En síntesis, cada nueva temporada de
Black Mirror se enfrenta a dos grandes problemas: el primero es haber dejado la
vara demasiado alta después de sus primeras temporadas y, el segundo, es que la
realidad, por momentos, parece ir más rápido que la serie. Es tan vertiginoso
el cambio que no sabemos si decir que la realidad ha devenido blackmirroriana
o, con el ya citado Borges, afirmar que Black Mirror tiene “todo el pasado por
delante”.
Esto expone a la serie a una
encrucijada porque Black Mirror pierde su fuerza cuando deja de lado ese
espíritu que la caracterizó originalmente: lo terrorífico de la tecnología está
a un paso. No se trata de naves espaciales o conciencias duplicadas en el
ciberespacio.
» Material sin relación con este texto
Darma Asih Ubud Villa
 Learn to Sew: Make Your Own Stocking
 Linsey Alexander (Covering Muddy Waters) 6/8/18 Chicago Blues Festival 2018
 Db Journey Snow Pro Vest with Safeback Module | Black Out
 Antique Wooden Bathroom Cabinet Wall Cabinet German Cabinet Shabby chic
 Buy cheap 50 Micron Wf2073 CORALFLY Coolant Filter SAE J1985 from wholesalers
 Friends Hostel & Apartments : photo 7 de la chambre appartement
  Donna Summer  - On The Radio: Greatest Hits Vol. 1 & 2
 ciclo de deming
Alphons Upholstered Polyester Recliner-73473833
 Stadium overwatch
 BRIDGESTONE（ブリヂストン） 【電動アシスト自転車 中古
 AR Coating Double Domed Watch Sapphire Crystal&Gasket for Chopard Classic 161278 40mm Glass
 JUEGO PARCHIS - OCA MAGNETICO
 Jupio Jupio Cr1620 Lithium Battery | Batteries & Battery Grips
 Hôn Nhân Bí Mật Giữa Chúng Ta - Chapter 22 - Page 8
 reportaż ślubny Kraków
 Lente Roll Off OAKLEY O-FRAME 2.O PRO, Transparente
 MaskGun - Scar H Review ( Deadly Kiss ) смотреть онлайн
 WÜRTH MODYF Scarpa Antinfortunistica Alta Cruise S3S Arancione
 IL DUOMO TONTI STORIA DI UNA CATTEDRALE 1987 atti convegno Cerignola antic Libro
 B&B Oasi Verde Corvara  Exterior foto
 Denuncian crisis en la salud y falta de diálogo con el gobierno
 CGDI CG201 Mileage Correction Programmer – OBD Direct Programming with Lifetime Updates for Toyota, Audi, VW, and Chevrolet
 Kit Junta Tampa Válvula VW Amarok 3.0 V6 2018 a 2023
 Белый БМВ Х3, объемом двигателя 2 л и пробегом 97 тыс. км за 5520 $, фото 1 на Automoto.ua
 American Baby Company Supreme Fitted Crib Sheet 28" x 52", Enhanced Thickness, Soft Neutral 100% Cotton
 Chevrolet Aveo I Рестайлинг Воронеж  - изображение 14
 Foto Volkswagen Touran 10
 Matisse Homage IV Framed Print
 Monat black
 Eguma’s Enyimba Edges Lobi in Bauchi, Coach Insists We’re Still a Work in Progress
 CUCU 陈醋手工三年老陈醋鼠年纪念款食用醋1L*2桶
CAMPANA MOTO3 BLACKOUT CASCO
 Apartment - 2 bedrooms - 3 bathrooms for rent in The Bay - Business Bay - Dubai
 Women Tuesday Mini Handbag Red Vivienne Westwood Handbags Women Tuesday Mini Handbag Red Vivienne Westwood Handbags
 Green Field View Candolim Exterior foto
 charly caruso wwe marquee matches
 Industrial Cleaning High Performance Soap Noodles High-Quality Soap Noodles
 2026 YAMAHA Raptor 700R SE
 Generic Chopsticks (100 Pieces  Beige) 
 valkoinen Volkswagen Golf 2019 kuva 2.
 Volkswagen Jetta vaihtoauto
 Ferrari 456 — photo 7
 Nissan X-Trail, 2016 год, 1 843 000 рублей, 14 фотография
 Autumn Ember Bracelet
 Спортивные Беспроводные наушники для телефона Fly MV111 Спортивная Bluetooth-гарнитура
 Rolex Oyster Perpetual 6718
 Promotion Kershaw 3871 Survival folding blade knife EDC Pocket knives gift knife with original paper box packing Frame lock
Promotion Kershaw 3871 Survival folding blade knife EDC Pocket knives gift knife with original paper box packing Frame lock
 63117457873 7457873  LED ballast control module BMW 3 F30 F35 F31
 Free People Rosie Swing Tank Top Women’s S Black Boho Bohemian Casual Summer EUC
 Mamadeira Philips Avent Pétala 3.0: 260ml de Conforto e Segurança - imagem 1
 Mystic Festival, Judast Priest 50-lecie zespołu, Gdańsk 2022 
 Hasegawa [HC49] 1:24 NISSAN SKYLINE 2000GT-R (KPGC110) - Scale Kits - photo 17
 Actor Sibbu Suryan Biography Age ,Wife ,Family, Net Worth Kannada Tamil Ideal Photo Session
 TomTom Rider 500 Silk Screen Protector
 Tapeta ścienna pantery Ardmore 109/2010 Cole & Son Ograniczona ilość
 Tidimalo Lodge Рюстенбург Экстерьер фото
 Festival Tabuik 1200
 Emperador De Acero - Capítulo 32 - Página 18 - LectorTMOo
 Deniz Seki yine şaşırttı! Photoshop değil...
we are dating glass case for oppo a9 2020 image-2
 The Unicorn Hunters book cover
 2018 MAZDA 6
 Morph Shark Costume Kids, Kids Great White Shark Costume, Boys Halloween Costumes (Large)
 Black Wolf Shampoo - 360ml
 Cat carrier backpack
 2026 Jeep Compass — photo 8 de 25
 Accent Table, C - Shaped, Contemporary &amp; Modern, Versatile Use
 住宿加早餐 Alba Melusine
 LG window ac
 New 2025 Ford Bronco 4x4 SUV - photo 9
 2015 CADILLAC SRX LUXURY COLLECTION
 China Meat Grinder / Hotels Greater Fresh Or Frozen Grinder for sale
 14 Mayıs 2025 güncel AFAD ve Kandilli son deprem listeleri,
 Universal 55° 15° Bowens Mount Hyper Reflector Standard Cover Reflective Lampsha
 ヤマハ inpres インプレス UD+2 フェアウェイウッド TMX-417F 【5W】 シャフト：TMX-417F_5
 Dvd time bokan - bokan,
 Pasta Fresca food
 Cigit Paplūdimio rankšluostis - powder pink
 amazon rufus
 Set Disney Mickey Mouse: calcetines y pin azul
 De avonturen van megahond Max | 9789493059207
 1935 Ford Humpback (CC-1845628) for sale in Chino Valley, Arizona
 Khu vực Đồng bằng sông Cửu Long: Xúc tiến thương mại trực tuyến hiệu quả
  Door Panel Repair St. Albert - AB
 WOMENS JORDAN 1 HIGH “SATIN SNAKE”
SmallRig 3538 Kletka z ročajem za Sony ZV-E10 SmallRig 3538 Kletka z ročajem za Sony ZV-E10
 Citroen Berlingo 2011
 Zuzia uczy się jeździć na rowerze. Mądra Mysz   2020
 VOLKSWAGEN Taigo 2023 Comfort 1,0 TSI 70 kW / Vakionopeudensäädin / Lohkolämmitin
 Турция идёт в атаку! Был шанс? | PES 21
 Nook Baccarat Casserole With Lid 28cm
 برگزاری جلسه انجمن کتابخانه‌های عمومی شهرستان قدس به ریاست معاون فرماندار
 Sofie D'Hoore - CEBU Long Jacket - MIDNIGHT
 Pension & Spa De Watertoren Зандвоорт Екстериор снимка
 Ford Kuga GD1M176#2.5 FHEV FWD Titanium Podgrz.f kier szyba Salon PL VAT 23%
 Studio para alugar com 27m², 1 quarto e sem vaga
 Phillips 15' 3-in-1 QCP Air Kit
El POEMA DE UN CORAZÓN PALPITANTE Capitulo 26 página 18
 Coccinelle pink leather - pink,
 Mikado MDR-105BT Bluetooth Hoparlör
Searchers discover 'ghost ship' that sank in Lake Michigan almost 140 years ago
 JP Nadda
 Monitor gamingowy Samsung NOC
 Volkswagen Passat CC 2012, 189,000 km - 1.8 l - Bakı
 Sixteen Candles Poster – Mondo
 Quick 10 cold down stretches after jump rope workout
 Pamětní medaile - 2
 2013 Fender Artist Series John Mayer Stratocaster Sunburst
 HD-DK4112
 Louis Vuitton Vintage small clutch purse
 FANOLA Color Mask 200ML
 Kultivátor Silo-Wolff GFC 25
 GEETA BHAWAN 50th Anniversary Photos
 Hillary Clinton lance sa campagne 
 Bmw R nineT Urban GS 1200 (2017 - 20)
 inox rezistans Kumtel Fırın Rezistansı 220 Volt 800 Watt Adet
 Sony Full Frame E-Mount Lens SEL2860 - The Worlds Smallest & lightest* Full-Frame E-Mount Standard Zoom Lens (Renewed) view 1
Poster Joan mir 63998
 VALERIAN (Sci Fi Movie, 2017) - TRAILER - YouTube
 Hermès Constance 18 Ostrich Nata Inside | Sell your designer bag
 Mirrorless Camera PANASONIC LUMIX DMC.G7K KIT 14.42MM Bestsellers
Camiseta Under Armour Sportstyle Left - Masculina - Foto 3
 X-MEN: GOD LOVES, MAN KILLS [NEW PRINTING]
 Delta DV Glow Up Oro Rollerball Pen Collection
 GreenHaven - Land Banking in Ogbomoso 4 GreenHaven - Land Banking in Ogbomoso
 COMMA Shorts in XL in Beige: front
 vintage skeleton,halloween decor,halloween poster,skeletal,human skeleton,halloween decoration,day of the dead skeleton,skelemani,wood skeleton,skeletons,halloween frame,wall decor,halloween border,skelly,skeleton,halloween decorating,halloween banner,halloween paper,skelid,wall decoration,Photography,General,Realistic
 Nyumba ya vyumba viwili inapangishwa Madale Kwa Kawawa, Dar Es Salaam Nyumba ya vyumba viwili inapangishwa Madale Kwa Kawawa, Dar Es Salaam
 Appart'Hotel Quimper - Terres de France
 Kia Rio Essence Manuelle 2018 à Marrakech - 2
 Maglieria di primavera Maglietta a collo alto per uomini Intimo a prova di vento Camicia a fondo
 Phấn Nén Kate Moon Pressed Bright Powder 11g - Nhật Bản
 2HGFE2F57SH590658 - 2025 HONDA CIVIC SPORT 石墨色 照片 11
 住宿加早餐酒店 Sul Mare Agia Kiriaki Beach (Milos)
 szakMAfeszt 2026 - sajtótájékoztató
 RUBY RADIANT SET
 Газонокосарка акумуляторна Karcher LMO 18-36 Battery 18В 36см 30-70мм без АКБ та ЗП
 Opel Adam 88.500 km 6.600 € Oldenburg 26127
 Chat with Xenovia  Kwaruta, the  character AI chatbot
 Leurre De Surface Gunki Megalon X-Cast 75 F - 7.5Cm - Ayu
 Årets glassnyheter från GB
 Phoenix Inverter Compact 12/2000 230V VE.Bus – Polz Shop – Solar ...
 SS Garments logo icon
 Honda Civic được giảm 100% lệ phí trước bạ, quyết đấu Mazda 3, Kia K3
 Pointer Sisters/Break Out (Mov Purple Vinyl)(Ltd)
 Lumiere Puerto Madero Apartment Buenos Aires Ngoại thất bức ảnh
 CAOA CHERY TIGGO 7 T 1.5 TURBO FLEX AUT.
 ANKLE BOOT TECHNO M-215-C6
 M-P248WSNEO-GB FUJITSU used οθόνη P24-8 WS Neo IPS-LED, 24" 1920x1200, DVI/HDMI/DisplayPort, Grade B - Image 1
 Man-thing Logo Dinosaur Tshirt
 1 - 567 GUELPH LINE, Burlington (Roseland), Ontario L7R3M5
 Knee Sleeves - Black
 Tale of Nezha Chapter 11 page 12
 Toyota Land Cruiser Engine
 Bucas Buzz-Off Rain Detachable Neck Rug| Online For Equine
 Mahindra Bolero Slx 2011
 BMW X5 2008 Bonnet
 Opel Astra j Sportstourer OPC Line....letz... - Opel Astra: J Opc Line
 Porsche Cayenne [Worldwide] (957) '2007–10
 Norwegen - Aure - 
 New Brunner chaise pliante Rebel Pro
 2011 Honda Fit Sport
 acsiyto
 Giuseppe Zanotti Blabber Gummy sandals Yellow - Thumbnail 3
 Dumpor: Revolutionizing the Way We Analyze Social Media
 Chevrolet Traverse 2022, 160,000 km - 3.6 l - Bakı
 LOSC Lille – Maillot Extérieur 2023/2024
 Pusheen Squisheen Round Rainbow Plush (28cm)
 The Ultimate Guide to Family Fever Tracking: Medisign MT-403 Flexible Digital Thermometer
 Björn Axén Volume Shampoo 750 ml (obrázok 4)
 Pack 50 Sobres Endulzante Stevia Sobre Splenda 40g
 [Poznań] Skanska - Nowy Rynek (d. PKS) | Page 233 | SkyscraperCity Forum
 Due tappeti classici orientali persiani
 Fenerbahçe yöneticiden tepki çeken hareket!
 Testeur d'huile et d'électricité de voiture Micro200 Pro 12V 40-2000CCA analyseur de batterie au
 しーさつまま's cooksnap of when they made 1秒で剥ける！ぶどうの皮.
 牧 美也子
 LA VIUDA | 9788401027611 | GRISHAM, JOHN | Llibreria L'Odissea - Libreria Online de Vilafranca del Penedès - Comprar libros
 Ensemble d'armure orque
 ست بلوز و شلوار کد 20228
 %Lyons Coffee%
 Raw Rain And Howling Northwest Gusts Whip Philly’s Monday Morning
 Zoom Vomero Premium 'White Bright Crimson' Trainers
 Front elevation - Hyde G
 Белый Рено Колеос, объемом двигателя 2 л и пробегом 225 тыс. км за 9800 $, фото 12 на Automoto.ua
Es el uso de la tecnología ahora o las posibilidades de la
tecnología en un futuro demasiado inmediato. Por eso Black Mirror tiene el
problema de la velocidad con que la realidad avanza, esto es, porque su
efectividad está en jugar al límite del futuro cercano. Tiene que ser futuro,
pero un futuro que toque la fibra íntima del presente en un borde sutil, no muy
cerca para que podamos tener una distancia y tomar conciencia; no muy lejos para
que aceptemos que nuestro vínculo problemático con la tecnología no es un
asunto del mañana sino del hoy.
Por cierto, ¿vale la pena la séptima
temporada? Claro que sí.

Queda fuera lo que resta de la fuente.